● **Activity**:
For this exercise, retype each line of the material below verbatim and omit any picture.
[Exercise data Boundary: Start]
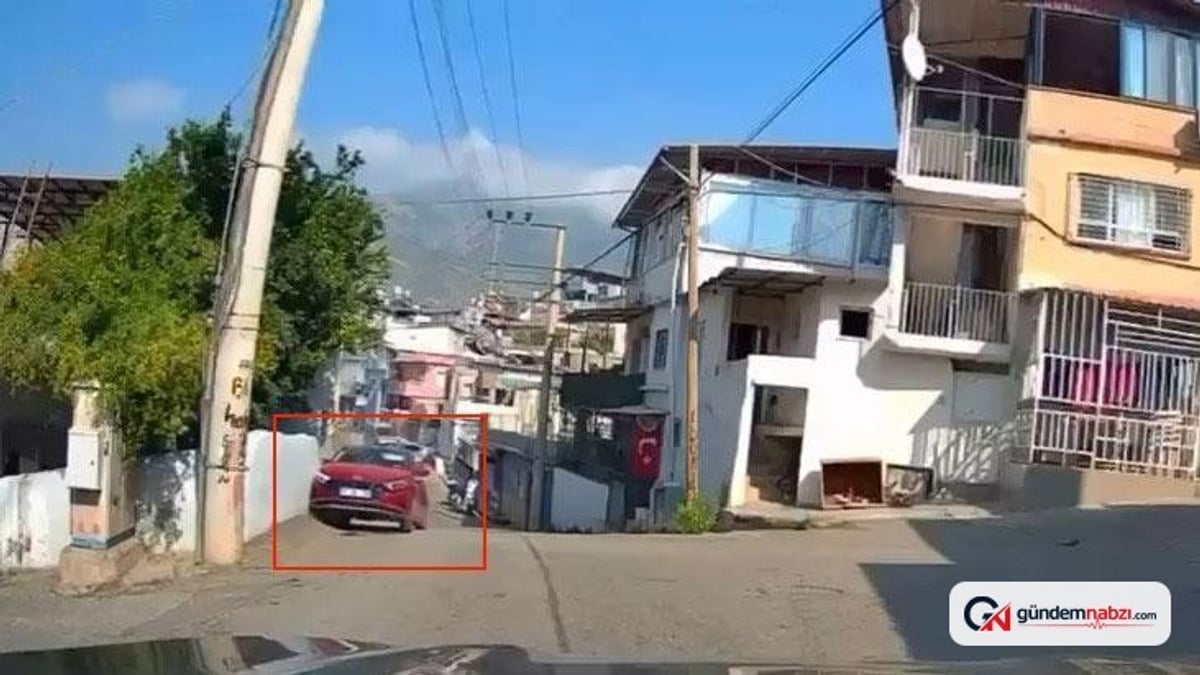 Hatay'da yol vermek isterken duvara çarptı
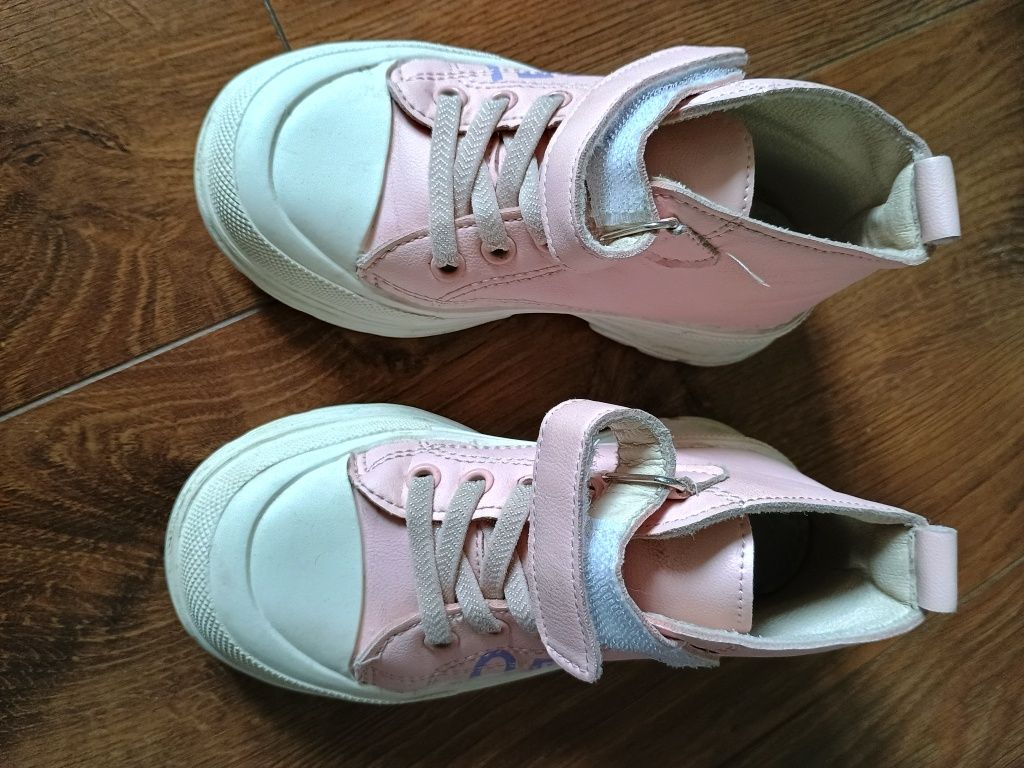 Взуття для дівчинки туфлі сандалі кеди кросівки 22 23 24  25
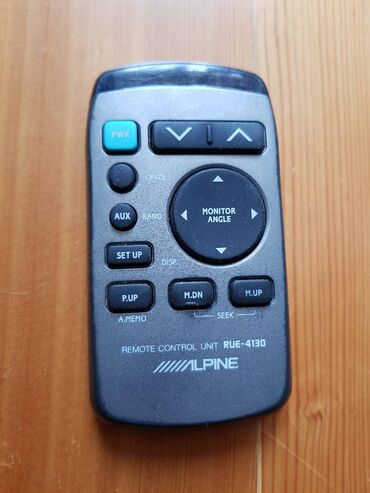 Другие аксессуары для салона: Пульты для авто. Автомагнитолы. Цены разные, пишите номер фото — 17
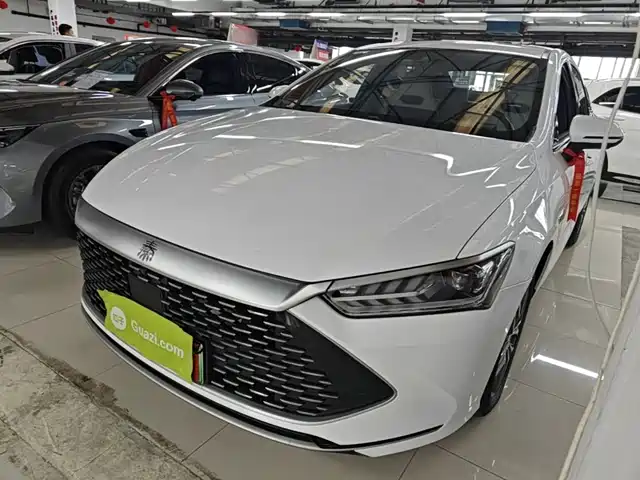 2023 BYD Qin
[Exercise data Boundary: End]
● **Answer to the problem**:
 Hatay'da yol vermek isterken duvara çarptı
 Взуття для дівчинки туфлі сандалі кеди кросівки 22 23 24  25
 Другие аксессуары для салона: Пульты для авто. Автомагнитолы. Цены разные, пишите номер фото — 17
 2023 BYD Qin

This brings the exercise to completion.